** TASK DESCRIPTION **
The task calls for the lines below from the line with "Two modern lodges" to the line with "A close-up of", both ends included, copied exactly, without any pictures.

** RECORD EXCERPTS **

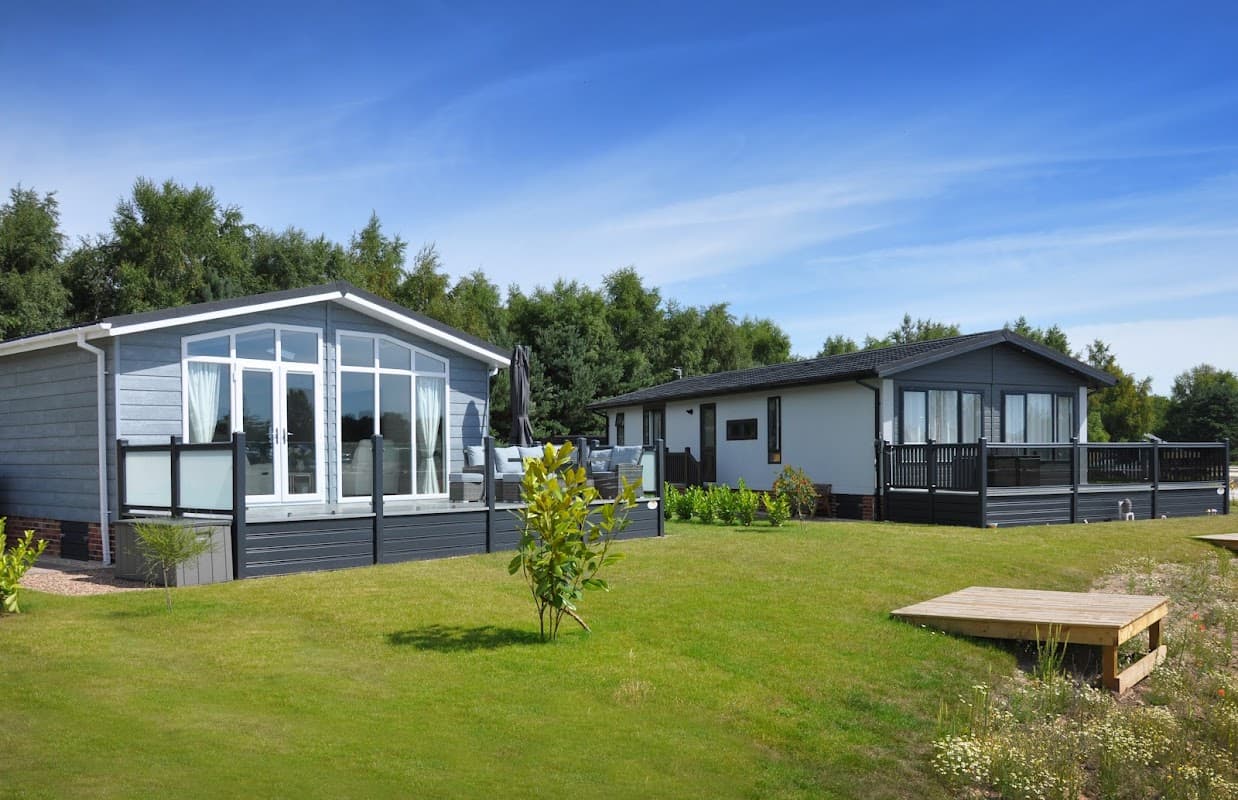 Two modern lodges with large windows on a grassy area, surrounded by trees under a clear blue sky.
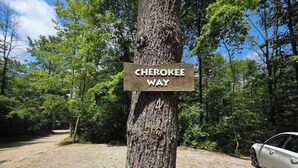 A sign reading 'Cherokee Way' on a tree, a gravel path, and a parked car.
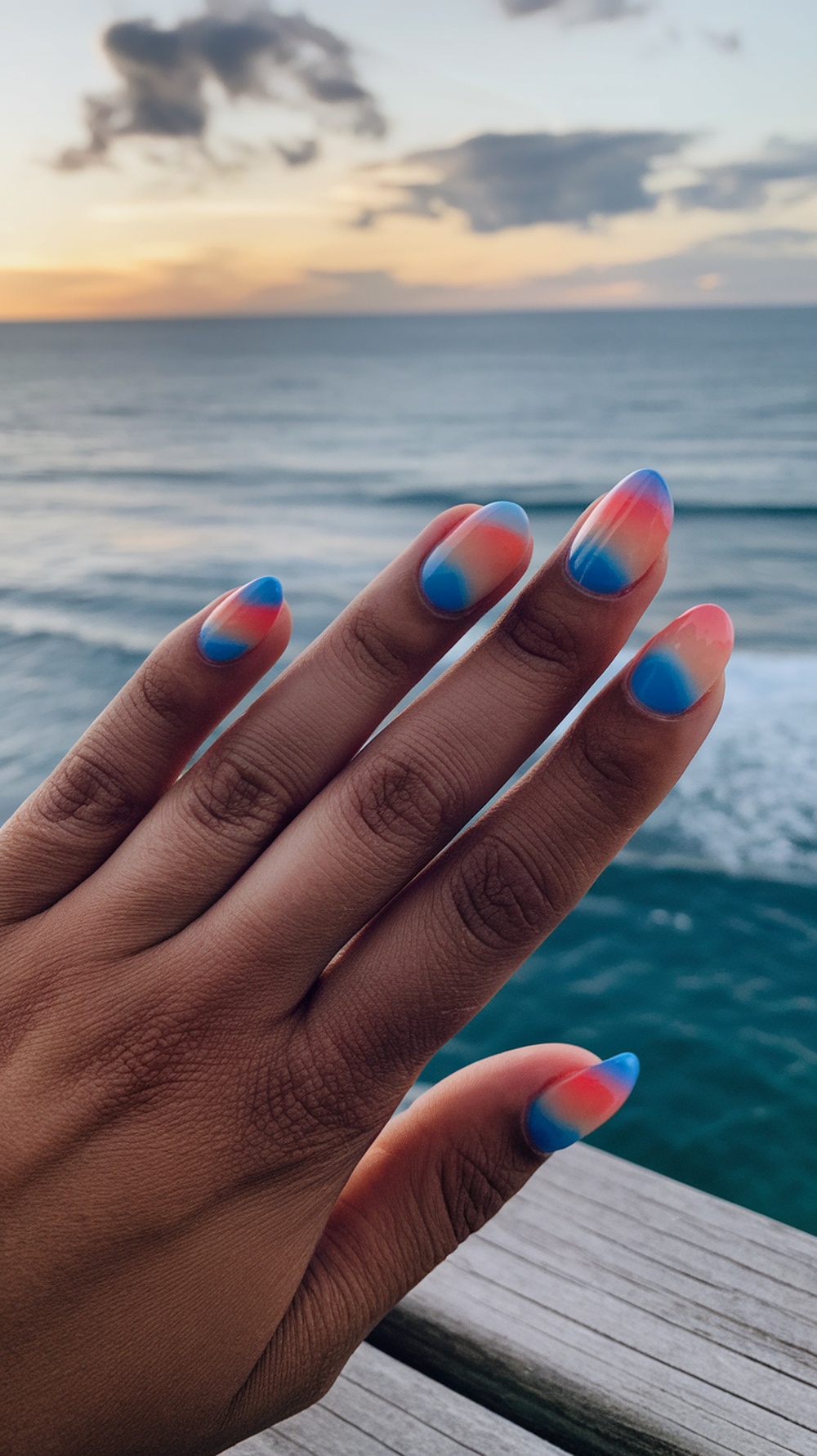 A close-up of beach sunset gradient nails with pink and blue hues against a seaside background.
---
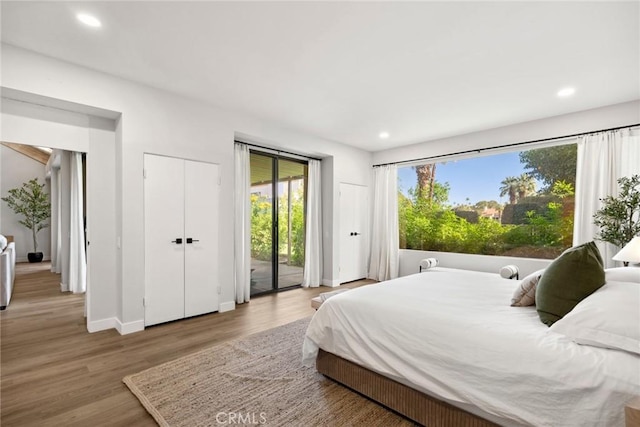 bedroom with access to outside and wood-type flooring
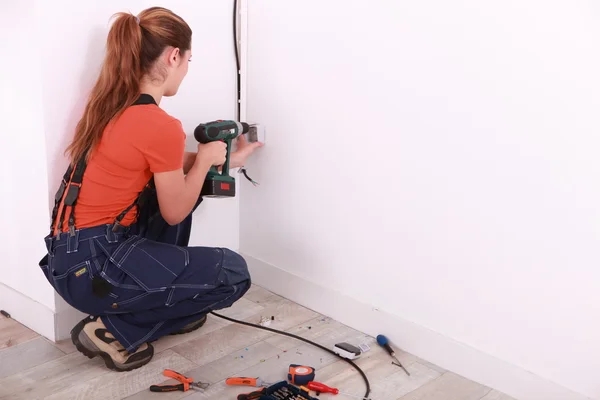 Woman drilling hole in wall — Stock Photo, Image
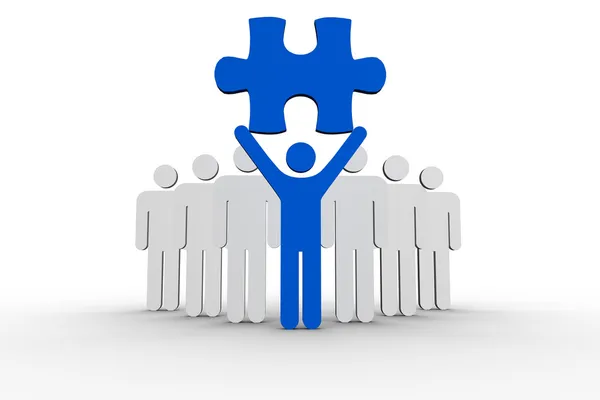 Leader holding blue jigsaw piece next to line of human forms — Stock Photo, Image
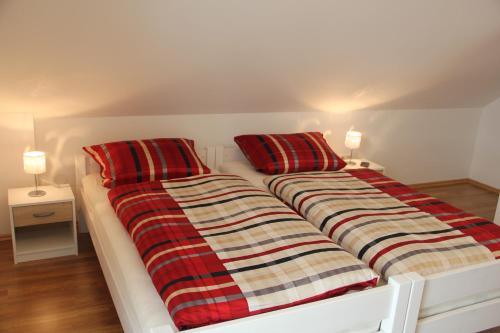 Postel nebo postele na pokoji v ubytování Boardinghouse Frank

** TASK RESPONSE **
 Two modern lodges with large windows on a grassy area, surrounded by trees under a clear blue sky.
 A sign reading 'Cherokee Way' on a tree, a gravel path, and a parked car.
 A close-up of beach sunset gradient nails with pink and blue hues against a seaside background.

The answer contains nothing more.